Given information:
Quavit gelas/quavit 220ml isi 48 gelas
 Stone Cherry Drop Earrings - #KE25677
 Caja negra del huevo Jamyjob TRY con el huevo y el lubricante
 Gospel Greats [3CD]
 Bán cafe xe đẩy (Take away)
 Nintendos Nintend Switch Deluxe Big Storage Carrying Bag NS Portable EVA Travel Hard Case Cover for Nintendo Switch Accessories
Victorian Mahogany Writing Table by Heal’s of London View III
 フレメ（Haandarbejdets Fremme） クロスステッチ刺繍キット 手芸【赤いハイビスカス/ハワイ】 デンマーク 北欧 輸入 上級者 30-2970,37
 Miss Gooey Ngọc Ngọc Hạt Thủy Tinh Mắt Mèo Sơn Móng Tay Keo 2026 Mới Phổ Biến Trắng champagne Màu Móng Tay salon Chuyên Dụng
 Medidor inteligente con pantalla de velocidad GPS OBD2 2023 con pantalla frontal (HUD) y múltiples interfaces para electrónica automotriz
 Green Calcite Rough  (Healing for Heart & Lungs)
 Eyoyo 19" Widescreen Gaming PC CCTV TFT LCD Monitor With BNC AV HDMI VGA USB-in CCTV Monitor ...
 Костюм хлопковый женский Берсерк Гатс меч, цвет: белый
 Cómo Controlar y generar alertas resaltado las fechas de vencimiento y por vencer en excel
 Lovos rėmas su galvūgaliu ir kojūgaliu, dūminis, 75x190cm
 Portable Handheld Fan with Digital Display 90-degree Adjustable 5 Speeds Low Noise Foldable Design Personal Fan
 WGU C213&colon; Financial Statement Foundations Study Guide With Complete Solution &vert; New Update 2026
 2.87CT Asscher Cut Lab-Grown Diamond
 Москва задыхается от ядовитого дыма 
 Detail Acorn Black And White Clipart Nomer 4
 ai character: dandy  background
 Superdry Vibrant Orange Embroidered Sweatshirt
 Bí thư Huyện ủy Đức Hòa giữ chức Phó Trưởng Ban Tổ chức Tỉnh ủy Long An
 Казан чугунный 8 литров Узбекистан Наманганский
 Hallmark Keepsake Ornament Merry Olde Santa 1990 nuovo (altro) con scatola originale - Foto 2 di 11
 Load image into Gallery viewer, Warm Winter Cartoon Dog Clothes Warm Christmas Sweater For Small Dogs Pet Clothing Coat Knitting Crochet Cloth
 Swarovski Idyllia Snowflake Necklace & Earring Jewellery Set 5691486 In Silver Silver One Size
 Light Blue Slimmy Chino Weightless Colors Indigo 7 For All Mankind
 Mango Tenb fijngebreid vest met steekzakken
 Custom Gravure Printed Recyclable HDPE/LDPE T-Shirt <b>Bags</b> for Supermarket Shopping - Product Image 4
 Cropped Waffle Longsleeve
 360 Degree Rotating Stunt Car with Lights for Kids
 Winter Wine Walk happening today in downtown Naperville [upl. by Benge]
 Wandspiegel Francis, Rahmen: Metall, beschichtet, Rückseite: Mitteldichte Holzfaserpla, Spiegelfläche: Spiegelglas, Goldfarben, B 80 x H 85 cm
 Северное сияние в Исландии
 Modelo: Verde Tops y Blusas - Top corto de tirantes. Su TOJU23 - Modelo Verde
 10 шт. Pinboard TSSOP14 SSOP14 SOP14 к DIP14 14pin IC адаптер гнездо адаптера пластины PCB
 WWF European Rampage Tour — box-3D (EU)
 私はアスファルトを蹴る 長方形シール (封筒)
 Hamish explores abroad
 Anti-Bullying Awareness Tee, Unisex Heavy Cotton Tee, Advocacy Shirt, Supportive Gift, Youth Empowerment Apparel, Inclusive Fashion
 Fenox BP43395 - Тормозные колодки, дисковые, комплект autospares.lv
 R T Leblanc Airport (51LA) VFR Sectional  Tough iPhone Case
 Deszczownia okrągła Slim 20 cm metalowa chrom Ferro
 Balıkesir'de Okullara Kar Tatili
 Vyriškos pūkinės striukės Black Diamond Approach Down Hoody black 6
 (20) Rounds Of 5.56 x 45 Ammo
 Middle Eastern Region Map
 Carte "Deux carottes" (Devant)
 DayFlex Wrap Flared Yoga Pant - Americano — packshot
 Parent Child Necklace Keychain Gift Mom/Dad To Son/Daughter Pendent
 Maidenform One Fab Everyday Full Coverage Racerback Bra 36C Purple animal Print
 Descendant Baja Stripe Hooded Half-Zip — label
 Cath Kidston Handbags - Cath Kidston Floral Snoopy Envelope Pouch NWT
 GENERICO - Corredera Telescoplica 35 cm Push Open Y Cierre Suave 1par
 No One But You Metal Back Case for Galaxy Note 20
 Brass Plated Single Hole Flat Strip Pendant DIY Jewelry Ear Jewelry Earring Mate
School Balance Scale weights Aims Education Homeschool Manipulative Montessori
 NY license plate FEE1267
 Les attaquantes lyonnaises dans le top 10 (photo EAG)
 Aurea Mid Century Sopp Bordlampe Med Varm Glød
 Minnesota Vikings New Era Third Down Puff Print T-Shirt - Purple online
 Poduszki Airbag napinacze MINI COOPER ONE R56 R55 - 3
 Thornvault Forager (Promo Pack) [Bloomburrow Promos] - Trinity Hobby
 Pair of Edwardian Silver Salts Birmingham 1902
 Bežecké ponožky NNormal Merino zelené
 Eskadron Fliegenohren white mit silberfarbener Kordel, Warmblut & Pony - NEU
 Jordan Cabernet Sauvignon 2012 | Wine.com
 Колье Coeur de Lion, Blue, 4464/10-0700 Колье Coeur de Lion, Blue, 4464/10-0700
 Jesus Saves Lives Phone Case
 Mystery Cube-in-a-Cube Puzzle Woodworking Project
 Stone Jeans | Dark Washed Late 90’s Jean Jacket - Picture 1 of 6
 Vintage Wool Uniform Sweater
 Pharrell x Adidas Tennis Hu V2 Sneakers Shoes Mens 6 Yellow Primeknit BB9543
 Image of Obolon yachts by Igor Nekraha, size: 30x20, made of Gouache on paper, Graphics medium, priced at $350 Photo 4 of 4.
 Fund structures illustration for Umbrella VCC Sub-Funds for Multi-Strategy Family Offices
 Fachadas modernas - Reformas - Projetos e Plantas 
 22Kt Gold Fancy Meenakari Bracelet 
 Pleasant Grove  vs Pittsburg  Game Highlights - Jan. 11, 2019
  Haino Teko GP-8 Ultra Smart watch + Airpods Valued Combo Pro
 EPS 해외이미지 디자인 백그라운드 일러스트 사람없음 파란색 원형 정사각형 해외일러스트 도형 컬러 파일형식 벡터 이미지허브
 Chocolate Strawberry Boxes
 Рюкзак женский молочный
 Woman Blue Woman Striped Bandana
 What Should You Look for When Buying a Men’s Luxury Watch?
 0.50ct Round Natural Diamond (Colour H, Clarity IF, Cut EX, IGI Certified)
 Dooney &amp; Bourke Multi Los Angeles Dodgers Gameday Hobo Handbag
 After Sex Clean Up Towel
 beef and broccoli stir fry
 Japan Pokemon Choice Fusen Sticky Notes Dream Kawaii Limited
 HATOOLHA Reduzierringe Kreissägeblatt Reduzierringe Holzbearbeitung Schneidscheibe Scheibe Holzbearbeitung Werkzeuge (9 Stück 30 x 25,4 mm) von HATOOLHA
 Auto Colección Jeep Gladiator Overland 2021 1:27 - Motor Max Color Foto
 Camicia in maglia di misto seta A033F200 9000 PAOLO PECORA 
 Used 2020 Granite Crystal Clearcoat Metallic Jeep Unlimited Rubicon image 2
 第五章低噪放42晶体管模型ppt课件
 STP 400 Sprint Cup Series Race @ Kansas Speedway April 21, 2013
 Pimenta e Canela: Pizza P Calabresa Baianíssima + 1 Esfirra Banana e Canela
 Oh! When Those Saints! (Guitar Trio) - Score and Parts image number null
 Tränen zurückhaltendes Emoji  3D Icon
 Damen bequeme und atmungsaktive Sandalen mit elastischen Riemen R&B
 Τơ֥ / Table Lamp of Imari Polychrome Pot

Work instructions:
Look above for the line with "GENERICO - Corredera"; retype exactly that line, every line after it up to the line with "Image of Obolon", and that line too, nothing else.

Task response:
 GENERICO - Corredera Telescoplica 35 cm Push Open Y Cierre Suave 1par
 No One But You Metal Back Case for Galaxy Note 20
 Brass Plated Single Hole Flat Strip Pendant DIY Jewelry Ear Jewelry Earring Mate
School Balance Scale weights Aims Education Homeschool Manipulative Montessori
 NY license plate FEE1267
 Les attaquantes lyonnaises dans le top 10 (photo EAG)
 Aurea Mid Century Sopp Bordlampe Med Varm Glød
 Minnesota Vikings New Era Third Down Puff Print T-Shirt - Purple online
 Poduszki Airbag napinacze MINI COOPER ONE R56 R55 - 3
 Thornvault Forager (Promo Pack) [Bloomburrow Promos] - Trinity Hobby
 Pair of Edwardian Silver Salts Birmingham 1902
 Bežecké ponožky NNormal Merino zelené
 Eskadron Fliegenohren white mit silberfarbener Kordel, Warmblut & Pony - NEU
 Jordan Cabernet Sauvignon 2012 | Wine.com
 Колье Coeur de Lion, Blue, 4464/10-0700 Колье Coeur de Lion, Blue, 4464/10-0700
 Jesus Saves Lives Phone Case
 Mystery Cube-in-a-Cube Puzzle Woodworking Project
 Stone Jeans | Dark Washed Late 90’s Jean Jacket - Picture 1 of 6
 Vintage Wool Uniform Sweater
 Pharrell x Adidas Tennis Hu V2 Sneakers Shoes Mens 6 Yellow Primeknit BB9543
 Image of Obolon yachts by Igor Nekraha, size: 30x20, made of Gouache on paper, Graphics medium, priced at $350 Photo 4 of 4.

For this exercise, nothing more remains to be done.